別の言葉では、「デリバティブの大膨張により時間稼ぎができた西洋諸国」とは違い、現在の中国は、急激な財政危機に見舞われるとともに、この事実を認識し始めた国民が、一斉に、貴金属や食料品などの購入に殺到し始めた可能性も想定されるのである。つまり、現在の中国は、「PPI(卸売物価)が低下しながらも、CPI(消費者物価)の上昇が始まった状況」といわれており、このことは、「景気の低迷と税収の激減により、国家の資金繰りに問題が出始めた状況」のようにも感じられるのである。
より詳しく申し上げると、「不動産バブルの後始末に悩まされた1990年代の日本」と同様の状況でありながら、「1991年のソ連」と同様に、「デリバティブ大膨張の恩恵を受けられない状況」のようにも思われるのである。そして、結果としては、「インクが無くなるまで人民元の増刷を迫られる可能性」も想定されるが、実際には、「その前の段階として、米国債の大量売却などが実施される可能性」も考えられるのである。
つまり、今回の「中国経済がソ連化し始める可能性」については、「西洋諸国も同様の展開を見せる可能性」も想定されるために、我々も、決して、予断が許されない事態のようにも感じられるのである。あるいは、「西洋諸国の方が、デリバティブのバブル崩壊により、中国よりも、より大きな被害を受ける可能性」も想定されるために、今後の「世界各国の中央銀行の動向」については、今まで以上の注意が必要な状況とも想定されるのである。

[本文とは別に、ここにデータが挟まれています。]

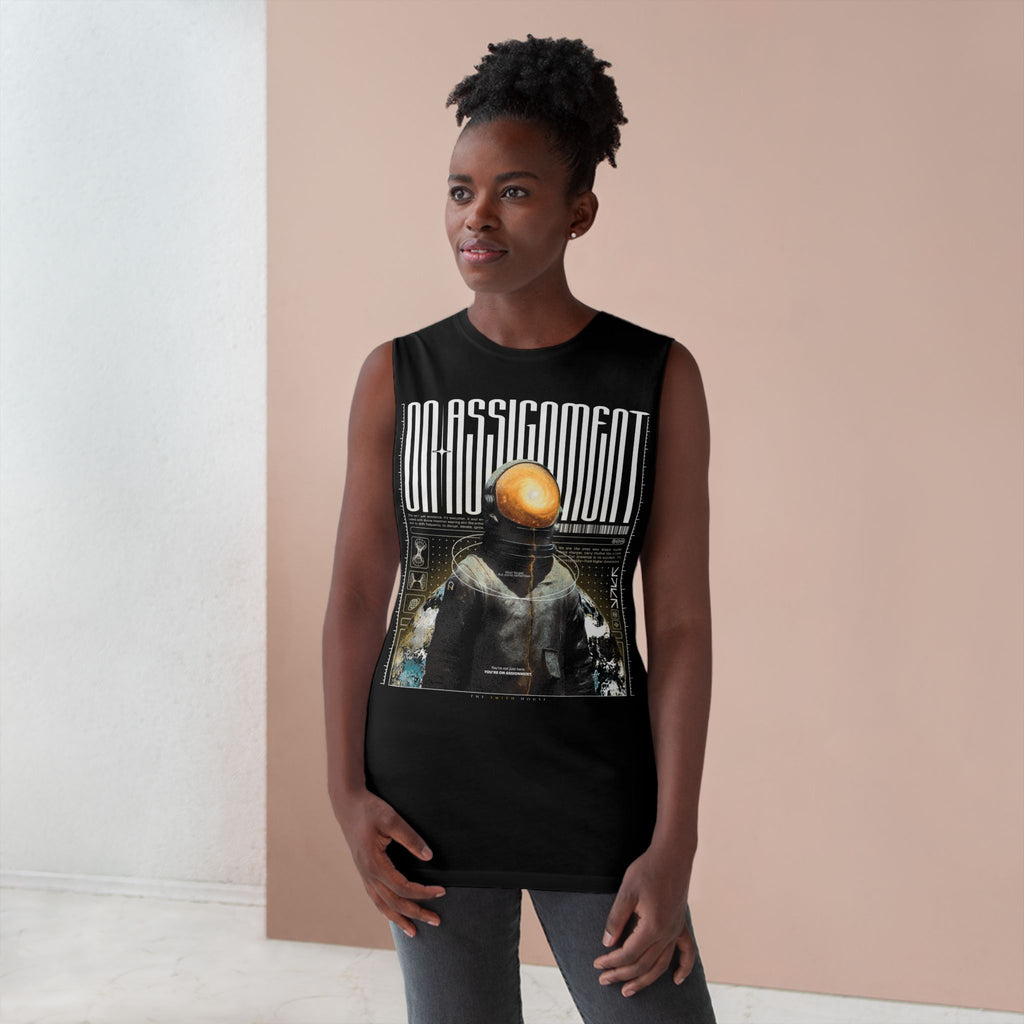 Astro-Inspired Unisex Tank Top, Graphic Sleeveless Shirt, Casual Summer Wear, Perfect Gift for Space Lovers, Festival Attire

具体的には、「CBDC(中央銀行デジタル通貨)の大量発行」や「紙幣の大増刷」で、「資金的なひっ迫」が賄われる可能性のことだが、この時の注意点としては、「政府や中央銀行、そして、通貨に対する国民の信頼」が失われた時には、「大量の資金が、一斉に、貴金属や食料などの実物資産に殺到する展開」、しかも、「世界で同時に発生する可能性」が指摘できる状況のようにも思われるのである。